The method of claim 5, wherein the N-dimensional feature vector,

The object identifier received from the object management means;

Comprising a feature vector extracted through the feature vector extractor

A high dimensional data parallel indexing system in a cluster environment.

In the high-dimensional data indexing method,

A spill tree construction step of extracting arbitrary samples from an N-dimensional feature vector set and constructing a spill tree based on the extracted sample feature vectors;

Determining a computing node for dividing and distributing a feature vector according to the composition of the spill tree and storing the feature vector in the node;

Local signature generation step of generating and storing a local signature for the distributed stored feature vector at each node

High-dimensional data parallel index method in a cluster environment comprising a.

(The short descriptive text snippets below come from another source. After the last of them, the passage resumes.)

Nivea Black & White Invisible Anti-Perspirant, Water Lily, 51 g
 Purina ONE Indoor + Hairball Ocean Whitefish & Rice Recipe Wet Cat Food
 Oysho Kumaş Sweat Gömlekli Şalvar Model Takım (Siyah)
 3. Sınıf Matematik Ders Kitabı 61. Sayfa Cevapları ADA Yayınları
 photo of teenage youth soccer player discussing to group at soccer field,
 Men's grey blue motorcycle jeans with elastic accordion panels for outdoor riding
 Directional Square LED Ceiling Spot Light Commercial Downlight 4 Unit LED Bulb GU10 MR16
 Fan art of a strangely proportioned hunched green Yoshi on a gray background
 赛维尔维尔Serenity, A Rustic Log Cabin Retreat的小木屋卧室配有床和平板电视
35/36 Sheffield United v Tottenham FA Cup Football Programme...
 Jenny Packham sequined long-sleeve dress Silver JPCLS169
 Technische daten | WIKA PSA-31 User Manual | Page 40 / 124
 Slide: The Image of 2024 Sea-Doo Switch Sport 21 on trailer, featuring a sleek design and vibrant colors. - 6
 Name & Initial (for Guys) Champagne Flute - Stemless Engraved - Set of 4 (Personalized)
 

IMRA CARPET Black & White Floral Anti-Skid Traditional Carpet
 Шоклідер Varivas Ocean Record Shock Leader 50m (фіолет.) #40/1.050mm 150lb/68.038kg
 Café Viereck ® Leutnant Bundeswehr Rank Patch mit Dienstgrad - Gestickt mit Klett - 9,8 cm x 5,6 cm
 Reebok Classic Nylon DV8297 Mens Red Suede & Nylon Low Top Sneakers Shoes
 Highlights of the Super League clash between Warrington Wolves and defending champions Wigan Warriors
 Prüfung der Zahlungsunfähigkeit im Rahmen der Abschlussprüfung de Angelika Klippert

The method of claim 7, wherein

Feature Vector Extraction Step of Sampling N-D Feature Vectors from Multimedia Objects

The high-dimensional data parallel index method in a cluster environment further comprising.

The method of claim 7, wherein

Generating feature vectors and local signatures according to adding multimedia objects

The method of claim 9, wherein generating the feature vector and the local signature comprises:

Searching the spill tree with an N-dimensional feature vector to determine the node;

Storing the feature vector in the corresponding node;

Regenerating and storing a local signature for the feature vector at the node of interest

In the high-dimensional data indexing method,

Executing a spill tree search based on a query feature vector value;

Determining at least one terminal node having a value similar to the query feature vector value as a candidate node in the spill tree;

Computing a local signature of the query feature vector at the candidate node;

Retrieving a local signature file based on the local signature of the query feature vector

High-dimensional data parallel search method in a cluster environment comprising a.

The method of claim 11,

Performing local signature search at the candidate node;

Retrieving a feature vector value corresponding to the retrieved signature

The high-dimensional data parallel retrieval method in a cluster environment further comprising.